Filme dos mais populares na Itália, justo o berço do renovador dramaturgo Luigi Pirandello (no cinema, interpretado por Toni Servillo), A estranha comédia da vida foi bastante premiado na cerimônia do prestigioso David di Donatello (tido como o Oscar italiano). Às vésperas do lampejo criativo do texto Seis personagens à procura de um autor, o autor teatral (morto em 1936), na trama do novo longa-metragem de Roberto Andò, viaja pela Sicília, e é influenciado por agentes funerários, que, inesperadamente, tiram as traças da adormecida criatividade do mestre vencedor do prêmio literário Nobel. Confira a entrevista do Correio com o diretor do filme.
Entrevista // Roberto Andò
A lida com a morte é tão difícil quanto a exposição da metalinguagem e da quebra dos artifícios que tanto encantam espectadores do cinema?
É verdade que é difícil. Mas se você pensar bem, o teatro nasceu desde suas origens, portanto no mundo grego, para conectar o mundo dos vivos e o mundo dos mortos. Lá está o mundo dos vivos, vai ao teatro para encontrar algo do mundo dos mortos. E o ator é o mediador entre esses dois mundos. O teatro é uma cerimônia. Num certo sentido, todas as obras de arte trabalham em torno da morte, porque somos mortais e não podemos deixar de pensar na morte. Mas devemos também sublimá-la para torná-la possível, porque se pensássemos na morte apenas como um fato definitivo, pouco haveria a dizer. E em vez disso continuamos a nos questionar. Então esse filme é sobre a morte e por quê? Mesmo que os personagens de alguma forma narram o fato de que o ator e o personagem são meios, eles são os médiuns e então, como eu estava dizendo, Pirandello, se formos ler todas as histórias, todas as obras de Pirandello, talvez dois temas que o que mais lhe interessava eram a morte e a loucura. O núcleo, o cerne, de toda sua obra é a morte. E o outro é a loucura.
Quem assusta mais: a morte, a operação de criação artística ou o público?
A criação artística é um modo de contestar e negar a morte. Mas acho que existem duas maneiras de encarar a morte. Se eu olhar para as obras de arte, há obras de arte, artistas que são grandes porque contestam a morte e não aceitam a morte. E há artistas que prestam homenagem à morte. Eles estão encantados com a morte. E sempre me impressionou que durante o fascismo na Espanha, os franquistas, isto é, os fascistas, diziam e gritavam "Viva la muerte", ou seja, celebravam a morte. Penso que a nossa tarefa é, em vez disso, contestar a morte. Não aceitá-la. Quando você faz um filme e conta uma história dolorosa, você faz esse filme para garantir que a morte seja derrotada no filme. Há artistas que procuram tirar o prestígio da morte.

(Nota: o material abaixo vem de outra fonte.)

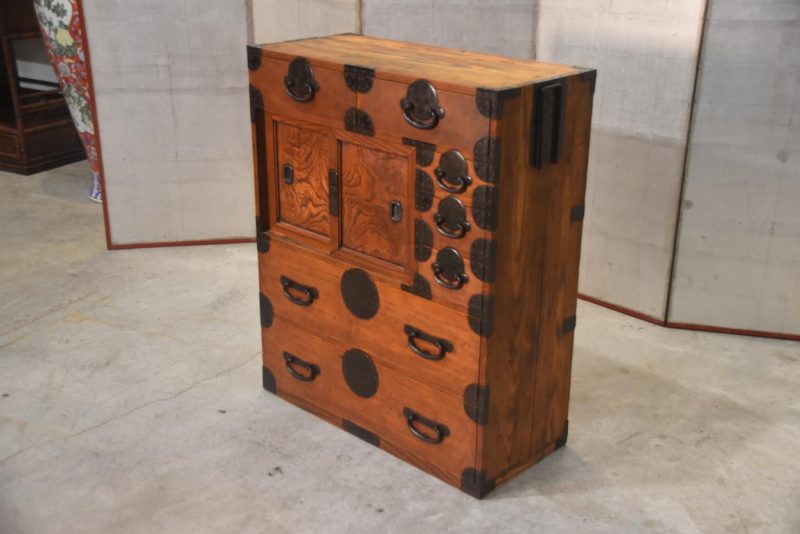 Antique Japanese Elm Merchant Chest Choba Dansu Width:825mm - Image 8
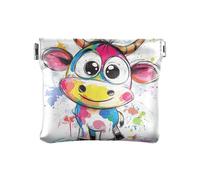 Porte-monnaie en cuir avec illustration détaillée du système solaire pour femme, Vache colorée, 1 size, Moderne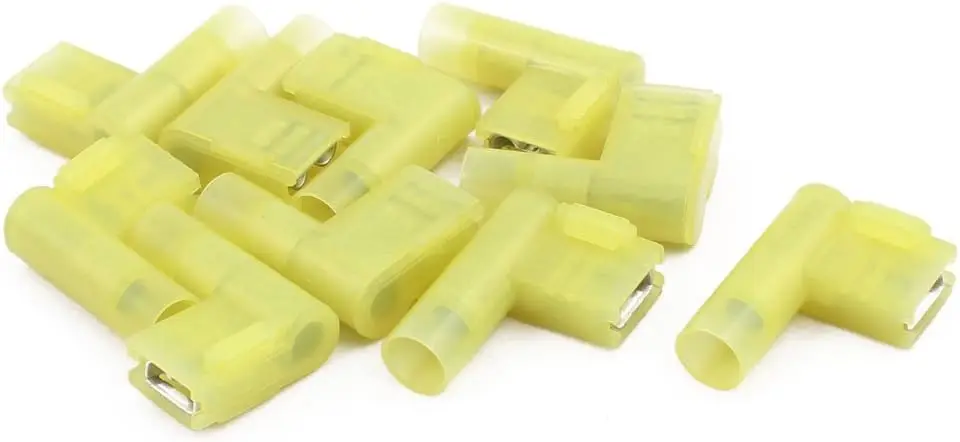 Обжимные клеммы с флагом, гнездовые нейлоновые полностью изолированные соединители для проводов желтого цвета, 10 шт.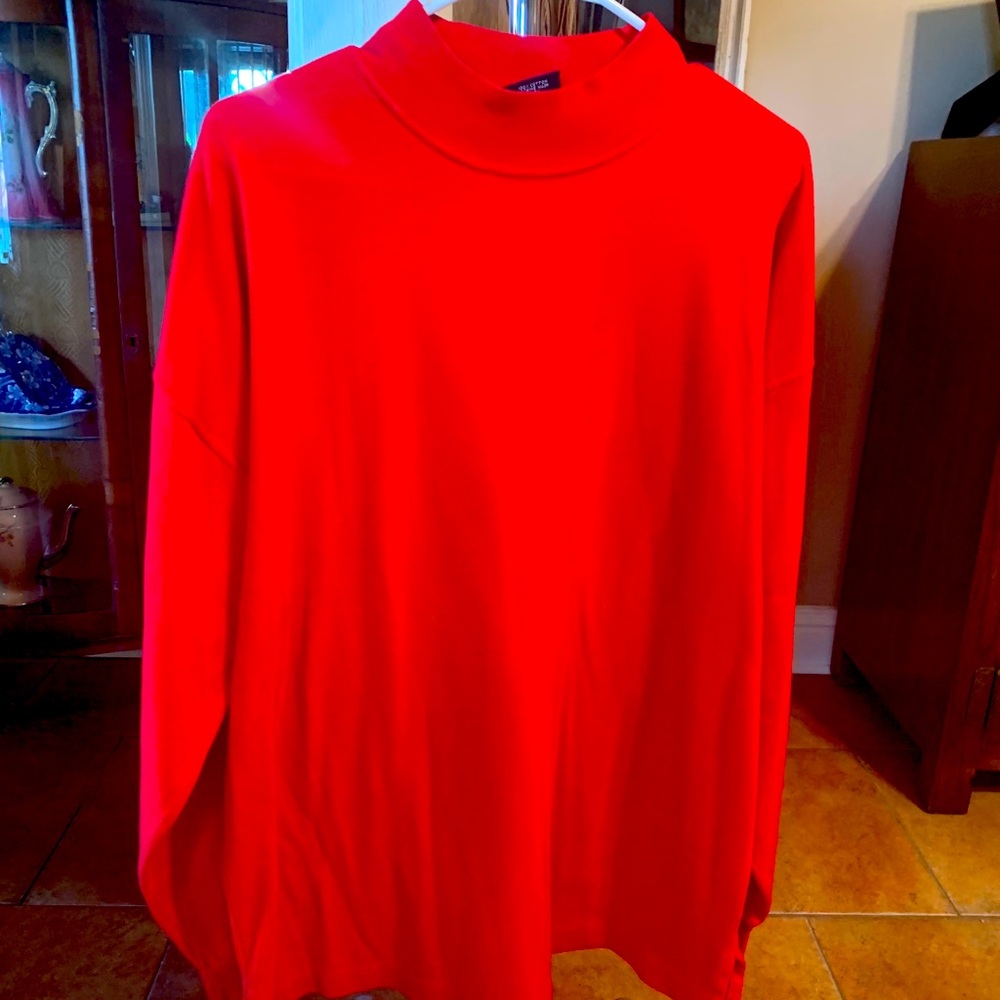 Red mock turtle neck. ROUNDTREE & YORKE.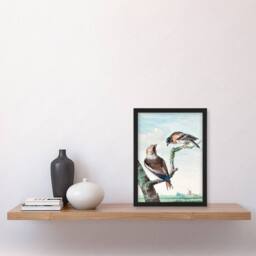 Artery8 Aert Schouman Framed Wall Art Two Hawfinch Birds in Rural Landscape in Blue - Size: A4 - thumbnail 2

Há culturas que dão muito prestígio à morte e estão, por assim dizer, quase à mercê da morte. Em vez disso, outros que resistem. Bom, eu acho que os artistas, em particular, são pessoas que contestam a morte.
O que dinamiza Pirandello, a ponto de nunca se apresentar arcaico?
Sabemos de um encontro entre Pirandello e Einstein. E Einstein parece que disse a ele que nunca conseguiria, nunca seria capaz de conceber, ele, que tinha resolvido a relatividade, ou seja, um gênio absoluto, disse ao Pirandello: "Eu nunca teria sido capaz de conceber o que você concebeu." Isso é impressionante porque é como se Pirandello tivesse colocado diante dos nossos olhos algo que já estava presente. O fato de vivermos sempre duas vidas, uma vida real e uma vida imaginária. E este aspecto foi abordado antes dele, claro. Mas ele fez disso o centro da sua obra. Portanto, nós somos feitos de algo real e de algo que é totalmente mental, que nos acompanha continuamente. Em um certo sentido, toda a literatura mundial encontrou em Pirandello um pai.
Qual a qualidade mais gritante do ator Toni Servillo?
Servillo não é difícil. Somos bons amigos. Então, é bom fazer filmes juntos. Como todos os grandes atores, ele adora ser dirigido, ele faz suas próprias coisas. No cinema, ele precisa ser orientado e há um diálogo muito fértil entre a gente. Eu sempre digo que tive um grande professor, que é o Francesco Rosi, o diretor. E ele dizia que existem atores que são criadores e atores intérpretes. E Toni é um ator criador.